Duncan did listen, and on the instant comprehended her meaning. The low and serious sounds of the sacred music, so well known to the eastern provinces, caught his ear, and instantly drew him to an apartment in an adjacent building, which had already been deserted by its customary tenants. There he found David, pouring out his pious feelings through the only medium in which he ever indulged. Duncan waited, until, by the cessation of the movement of the hand, he believed the strain was ended, when, by touching his shoulder, he drew the attention of the other to himself, and in a few words explained his wishes.

"Even so," replied the single-minded disciple of the King of Israel, when the young man had ended; "I have found much that is comely and melodious in the maidens, and it is fitting that we who have consorted in so much peril, should abide together in peace. I will attend them, when I have completed my morning praise, to which nothing is now wanting but the doxology. Wilt thou bear a part, friend? The meter is common, and the tune 'Southwell'."
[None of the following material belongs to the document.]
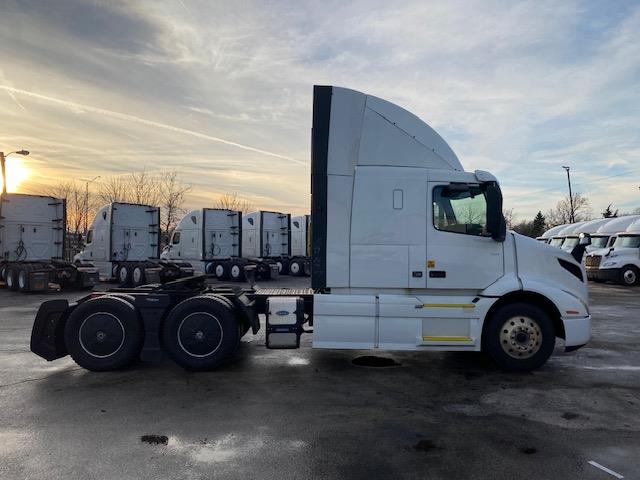 2023 Volvo VNR64T400-8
Then, extending the little volume, and giving the pitch of the air anew with considerate attention, David recommenced and finished his strains, with a fixedness of manner that it was not easy to interrupt. Heyward was fain to wait until the verse was ended; when, seeing David relieving himself from the spectacles, and replacing the book, he continued.

"It will be your duty to see that none dare to approach the ladies with any rude intention, or to offer insult or taunt at the misfortune of their brave father. In this task you will be seconded by the domestics of their household."

"Even so."

"It is possible that the Indians and stragglers of the enemy may intrude, in which case you will remind them of the terms of the capitulation, and threaten to report their conduct to Montcalm. A word will suffice."

"If not, I have that here which shall," returned David, exhibiting his book, with an air in which meekness and confidence were singularly blended. Here are words which, uttered, or rather thundered, with proper emphasis, and in measured time, shall quiet the most unruly temper:

"'Why rage the heathen furiously'?"

"Enough," said Heyward, interrupting the burst of his musical invocation; "we understand each other; it is time that we should now assume our respective duties."

Gamut cheerfully assented, and together they sought the females. Cora received her new and somewhat extraordinary protector courteously, at least; and even the pallid features of Alice lighted again with some of their native archness as she thanked Heyward for his care. Duncan took occasion to assure them he had done the best that circumstances permitted, and, as he believed, quite enough for the security of their feelings; of danger there was none. He then spoke gladly of his intention to rejoin them the moment he had led the advance a few miles toward the Hudson, and immediately took his leave.